Innovation Silos The importance of the right organisational model to innovate

During my career, I have moved back and forth between innovation and business units. When I joined back to the innovation team, my colleagues in the business unit, said: “Hey, that’s so cool! You are going to innovate!”. Leaving aside the very romantic idea my colleague had of what working in an innovation team is, what worries me more about this statement is that it illustrates the barrier between the “official innovators” and the rest of the company. This barrier has been created by the organisational model itself, tagging a concrete area of the company as #innovation.

 

Bring innovation and business units as close as possible

However, becoming an innovative company has very little to do with just setting up an innovation team.
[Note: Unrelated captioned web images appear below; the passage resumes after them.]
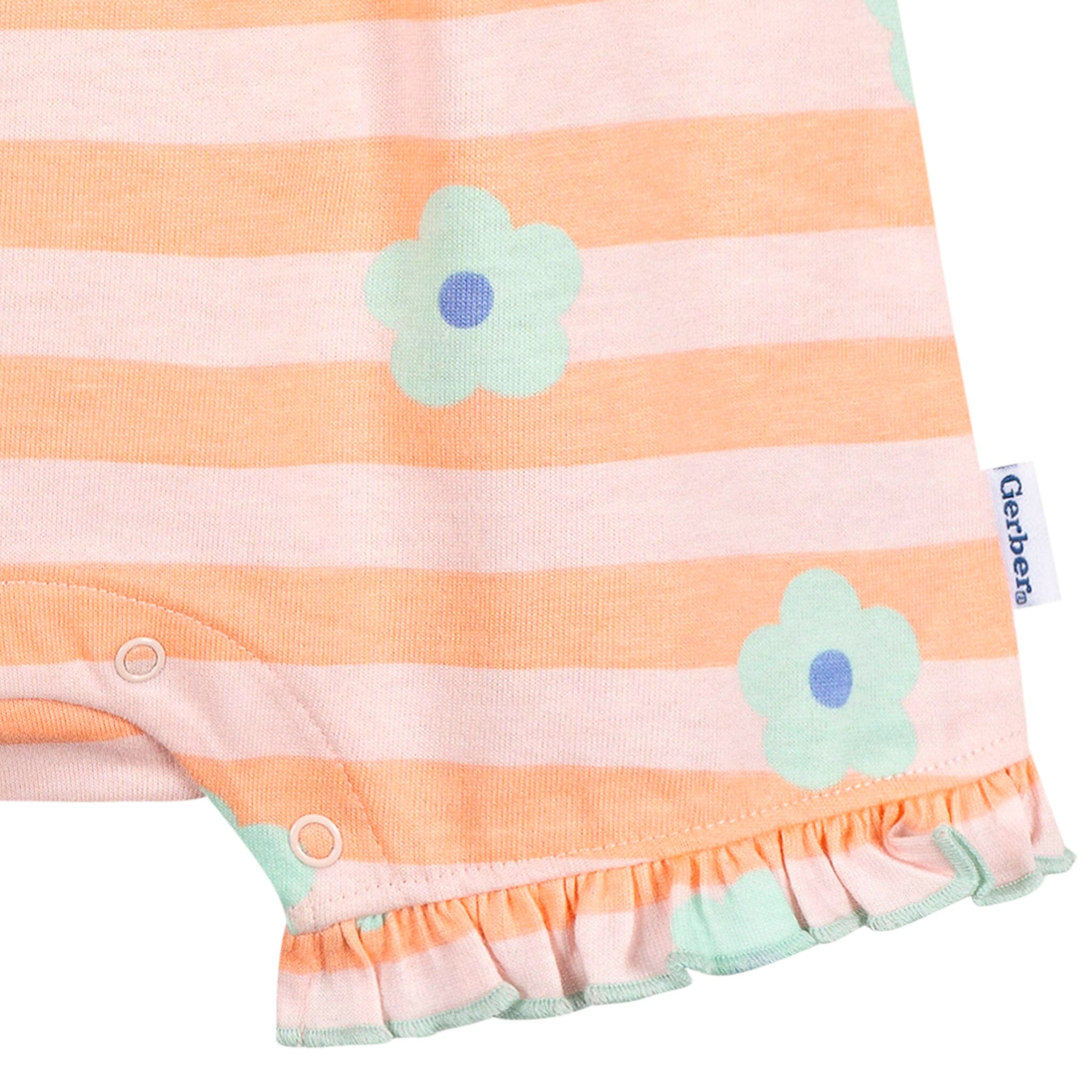 Baby Girls Pink Stripes Sleeveless Ruffle Romper rompers Gerber® 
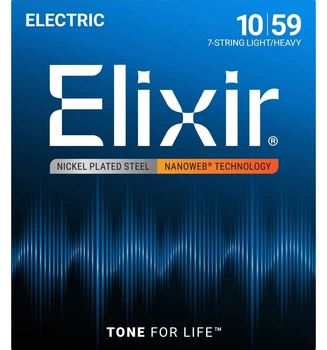 Струны для электрогитары Elixir 12074 Nanoweb Nickel Plated Steel 7-String Light/Heavy 10/59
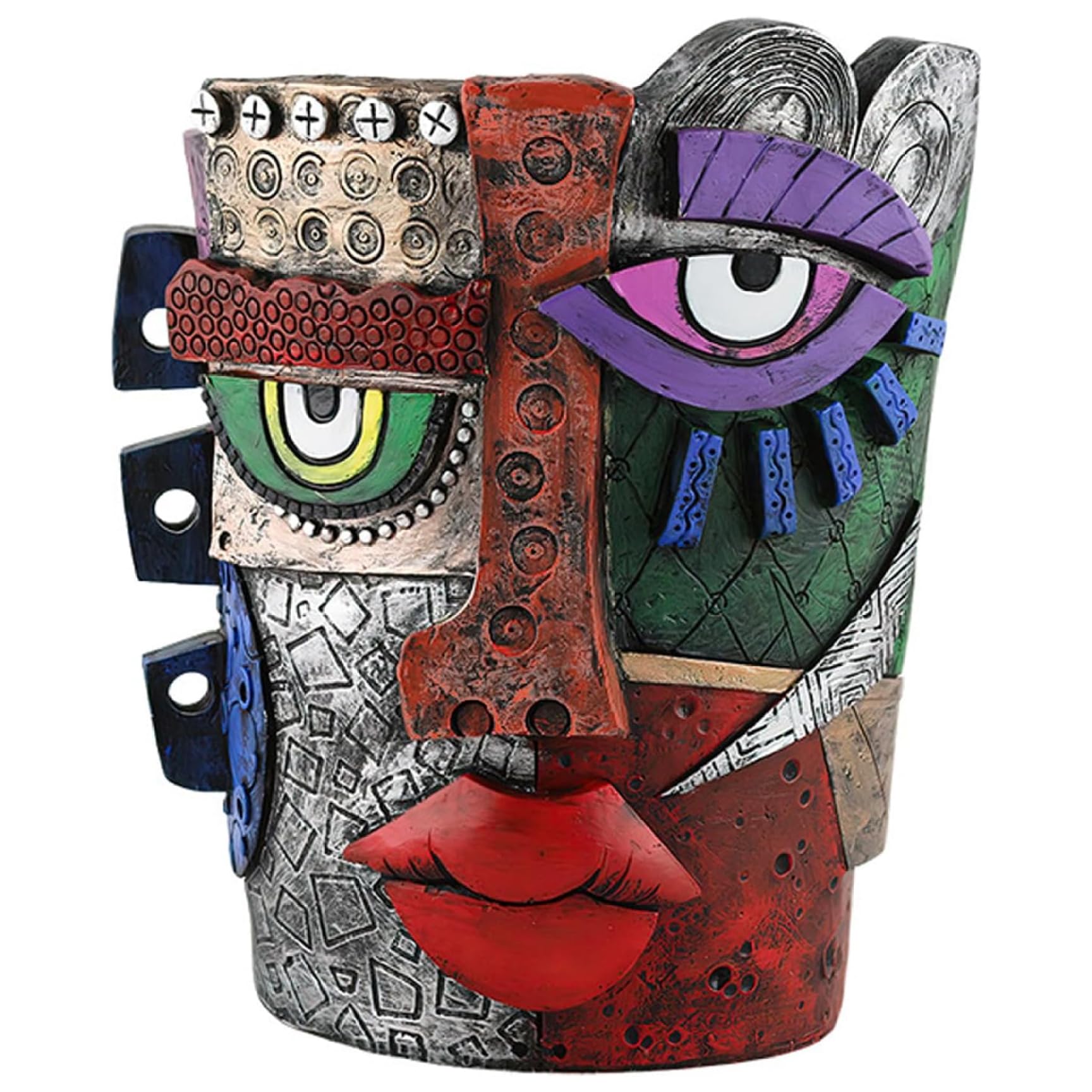 Wedhapy Flower Pot Face Vase Creative Resin Brutalist Abstract Beauty Colorful Face Planter Unique Indoor and Outdoor Potted Plant Container for Home Decor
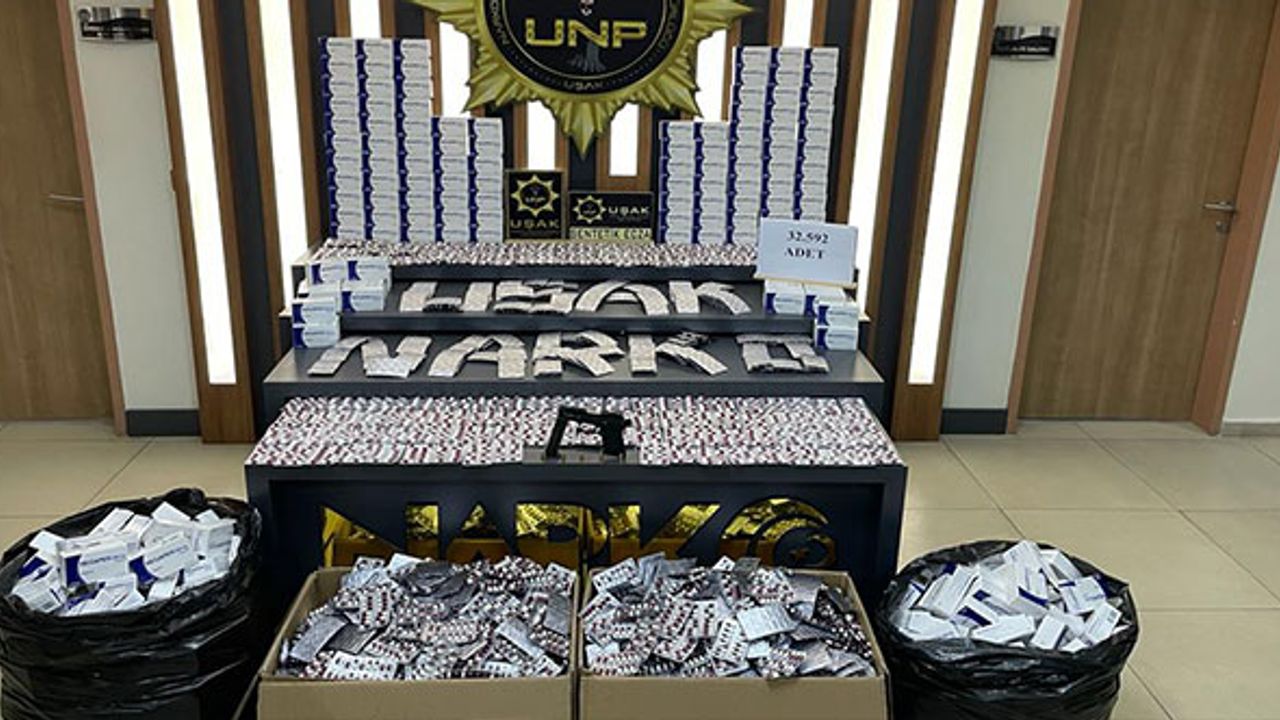 Uşak'ta 32 bin 592 uyuşturucu nitelikli hap ele geçirildi, 2 tutuklama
A capable and well funded innovation team does not guarantee innovative initiatives to have an impact for your company.  It is key to engage the business units to scale up and operate the initiatives that get the approval. If your organisational model keeps the innovation and the business units in silos, you get inefficiency and frustration on both sides.The business unit complaints about not having the time to innovate and the misalignment between the business needs and the innovation team deliverables. On the other hand, the innovation unit feels innovation is not a priority for the business team and given the innovation team is not close to the business they don’t have enough information about the challenges the business team is facing. It could be argued that the company strategy should close the gap and common objectives can be set. In practise, business and innovation units have different goals and different ways to measure success. 

The solution for this dilemma is to bring innovation and business units as close as possible. How much? It depends on the organisation capabilities and the type of innovation.

Incremental innovation shall be led by the business units 

For incremental innovation, no doubt the team best suited to deliver efficiently is the business unit itself. They are on the front line of the market and understand the problems to solve better than anyone else.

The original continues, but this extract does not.